内城的光景,倒还算过得去。前夜的城头大战,毕竟只是在外城墙上较量,除了那刀兵相击和喊杀的声音隐约传来之外,不曾再有什么惊扰到内城的人。
一墙之隔,一边是假天上,一边是真人间。
经此一役,禁军折损了几近五千兵力,虽然杀敌两倍有余,但看看城外的重围,想想江陵、开封两处随时可能前来增援的叛军,任谁此时都无法振奋起来。
随着傅红雨一同入城的江湖人,也有数百伤亡。铁马山庄的高手大多与黑甲营一道,随项旗出兵了,这里的江湖人除了花海盟众经历过苗疆会川大战,谁都不曾见过这样的场面。
就连齐律、叶崇两个老江湖,在敌军退去之后,都立在城头半天回不过神来。
若说让人宽心的事,倒还真有一件。
傅红雨与周平一道清点战损时,本以为那些折了本门弟子的武林当家要来大闹、要找他讨个说法,然而他看到的却是一双双同仇敌忾的眸子。
这些不久前还吵嚷着“谁做皇帝,与江湖何干”的人们,现在终于知道了谁给了他们太平日子,能让他们习文弄武;终于知道了谁让这太平江山乍起干戈,让百姓罹苦……
十一娘的花海,势力遍布中原,盟众过万,三教九流皆有。此番跟着入城的,都是十一娘信得过的老江湖,各有本领神通。厮杀之后,懂医术的便忙着给伤者医治,会木匠活计的去助军中工匠修葺城楼、器械,甚至还有精通缝补的去给禁军和江湖同道做起了衣甲。

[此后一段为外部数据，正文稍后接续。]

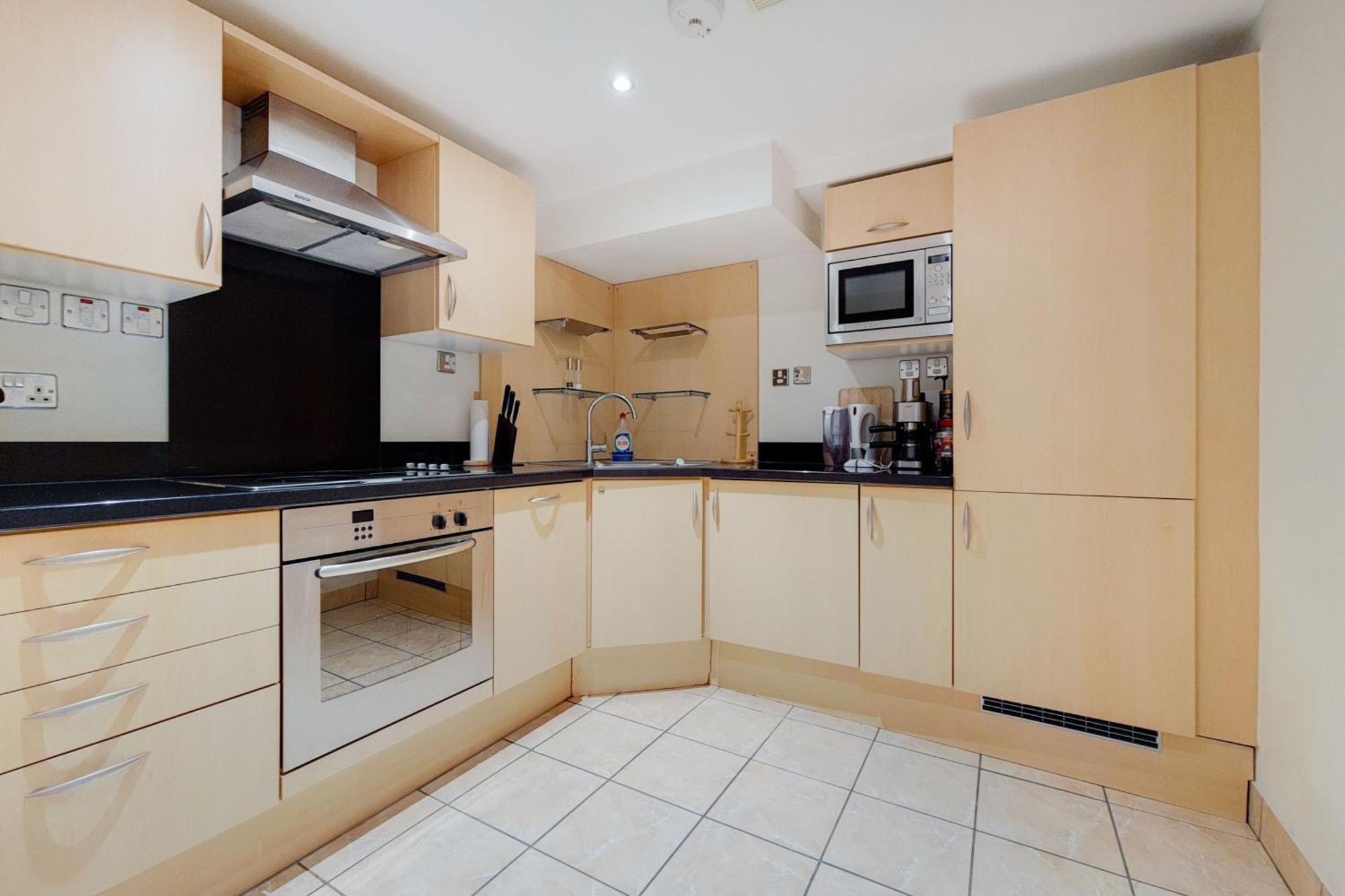 South Kensington - Point West Residences 런던 외부 사진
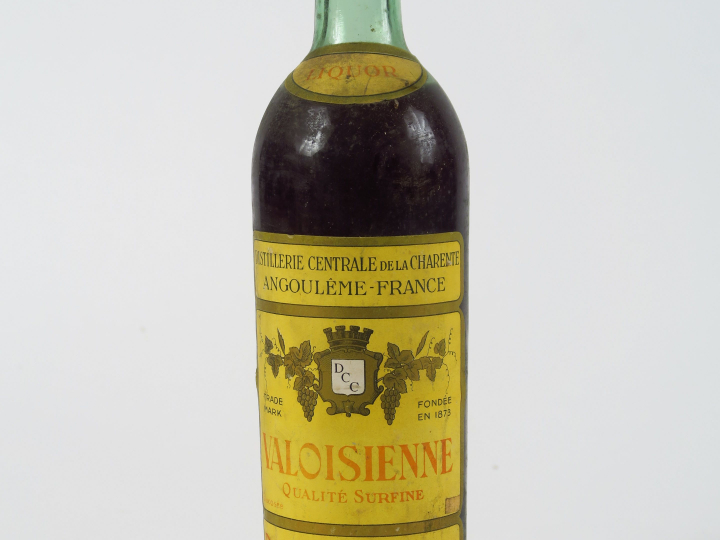 1 VIEILLE BOUTEILLE LIQUEUR ABRICOT VALOISIENNE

葬剑山弟子奉叶崇之命,帮禁军修补兵器;丐帮仍在借助鹰隼与城外传讯,又潜藏城内各处,留意谍子暗线,再没有人刁难这些衣衫褴褛的小乞丐们。
不曾参战的江湖势力,只有霍常笑和手下的镖师。霍总镖头受宫中某官员之托,守在皇宫外,以防贼人作祟,如同往日保镖一般。甚至连武当山的两位真人,都被路上的伤兵、百姓缠住,央求着“两位神仙”给“算算吉凶”“化个劫数”。
那些浑浑噩噩入得城来的江湖人,终于知道了天下与自己何干,自己所做之事又与这天下何干。
“傅盟主,咱们在这里拼了命,今后家里头人的日子是不是就好过一些?咱们学武,想来就是为了这个?要是真能这样,俺也不怕死了,俺这兄弟也没白死。”
这话,是傅红雨白日里在形意门的住处听到的。说话的人,是形意门中一位再普通不过的弟子,相貌平平、身手普通,除了他自己的师父之外,这形意门里上一辈的人几乎没人认得他。
傅红雨从他身边路过,他壮起胆子问了这句话,连他身边的同门都十分惊讶。
说这话时,他正抱着他亲弟弟的尸体。兄弟二人一同入门、一同拜师,两人都没什么天赋,只能踏踏实实练着拳脚套路。师父教什么,便学什么,多了学不会也悟不出,但只要是教过的便终能学得扎扎实实;平日在门派里面,没什么露脸的机会,也不曾在世间传出过什么侠名义举。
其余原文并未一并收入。